Inspired by the current case before the Court I also want to specifically allow a plea of no contest in the Court Procedures, with a larger degree of deference to the agreement between defence counsel and prosecutor when it comes to sentencing.

We should also seriously consider getting more people engaged with the Court. That was a pet project of mine this term, but sadly one that didn’t go well. I had considered the possibility of opening up some sort of Court Clerk position, but the logistics of that make me doubt the feasibility. We may instead look at other options, such as a published shortlist of people available to serve as Temporary Hearing Officers, so that future Courts can get through the process quickly, and citizens who wish to get involved in the Judiciary have an easier entrance level than running for Justice.

Last, and this is an element that the Court can’t change on its own, we need to think about the legalistic and litigious culture that gave rise to this phenomenon. The Court can apply a good faith evaluation to future submissions, but if a bad faith actor is hidden amongst us, they would most certainly decry a bad faith label as judicial overreach and potentially muck up the work.

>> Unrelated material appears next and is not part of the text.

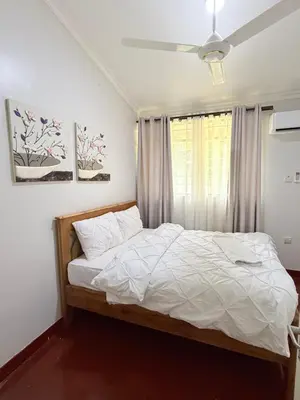 a bedroom with a bed with white sheets and a window at Aggiestays - Shanty Town Moshi in Moshi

As long as the Judiciary is elected, the Justices have to consider not just whether the Court – as the abstract entity – is seen as legitimate, but also the specific electoral ramifications of getting into an argument. Rejecting an indictment as brought in bad faith will have to be culturally accepted, for instance, and the Court cannot stand alone in defying judicial shenanigans. We, the broader TNP citizenry, have to consider this in the public sphere, and the discussions that have been ongoing on Discord can only be the beginning of that culture shift.
 
The current case has only proceeded as it has because it was completely unnecessary, filed by a delegate acted at the behest of a vengeful so-called ally. What you mean by "reforms" is "take away the ability of defence counsel to defend their client from vexatious prosecution". Bringing the legal system to a standstill is the only recourse in the face of such judicial persecution.
 
The current case has only proceeded as it has because it was completely unnecessary, filed by a delegate acted at the behest of a vengeful so-called ally. What you mean by "reforms" is "take away the ability of defence counsel to defend their client from vexatious prosecution". Bringing the legal system to a standstill is the only recourse in the face of such judicial persecution.

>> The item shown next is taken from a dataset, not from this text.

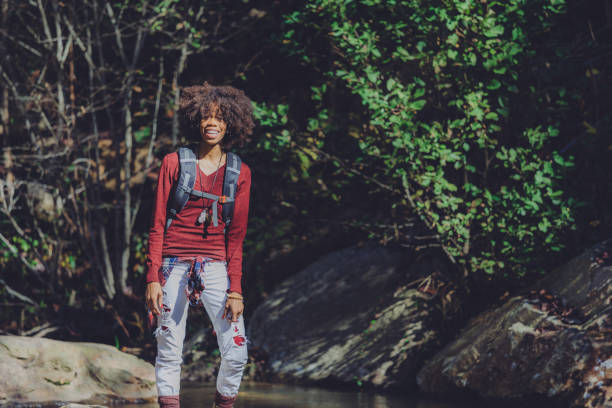 istock woman hiking by the river 1069895766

If it's an instance of vexatious prosecution, the Court should have been able to clear your name in a timely fashion, and bringing the legal system to a standstill should have been utterly unnecessary. If the reform I suggest here had been in place, and the prosecutor had not been confident that the espionage charge could lead to a conviction, there should have been discretion by the prosecutor to change the crime alleged to a different one, such as the gross misconduct you eventually plead no contest to, or even drop the charge entirely if it was indeed entirely vexatious.
I do get why you and your counsel believed your actions to be the best avenue for a just outcome, but that would not have been necessary if the Court was not perceived as a cudgel to beat you down with. That's why I don't want to institute reforms that make shenanigans illegal; rather, I want reforms that make shenanigans unnecessary and obsolete. If you want to critique my suggestions, I'm open for that, but I would ask for a bit more consideration of my ideas.